Never ceases to amaze us!
But the school of sardines relocated since they returned. From their previous spot in Pescador Island, they emerged near the shore of Basdiot, closer to the dive shops, resorts and community. Danny and Yoyo thought that they are in better location now that they are close to the community that watch them, it will be hard for illegal fishers to catch the helpless sardines. Ate Claudia and I concurred.
Excited to be reacquainted with the sardines once more, we waded into the water for our third and final dive and slowly descended to maximum of eighteen meters. We drifted with the mild current against a wall decorated with corals but our attention were focused on the sardines.
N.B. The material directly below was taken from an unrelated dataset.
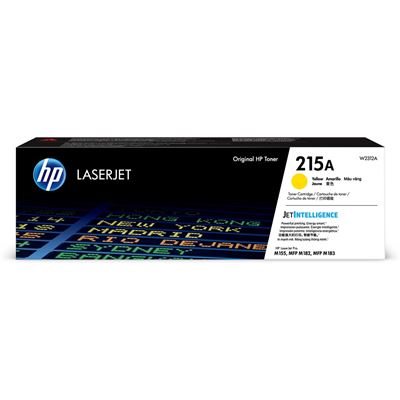 HP 215A YLW ORIGINAL LASERJET TONER CRTG HP — view 2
As we drifted, it gradually darkened and when we looked up, lo and behold, millions of sardines clouding us. we were amazed! It was surreal in every sense of being surreal! It was actually our third time with the Sardine Run and yet it felt like first.
Sea turtle and remora drifting towards the sardine run! Wow!
The Sardine Run never disappoints. Seeing these creatures as they synchronously sway wit their gentle moves is like watching a classical ballet repertoire or listening to a violin recital… so beautiful! The sight was made even more wonderful by a sea turtle who swam above us, below the sardines. The moment was so divine, it was the best 50 minutes of my life.
There’s something about Moalboal that beckons our senses – the sardine run!
There’s something about Moalboal that beckons our senses and we are quite sure it is the sardine run. Drifting underneath the millions of sardines that cloud the blue water above is truly a defining experience that makes us fall in love again and again and again with the wonderful and mysterious life underwater. For Ate Claudia and I, it is where we belong.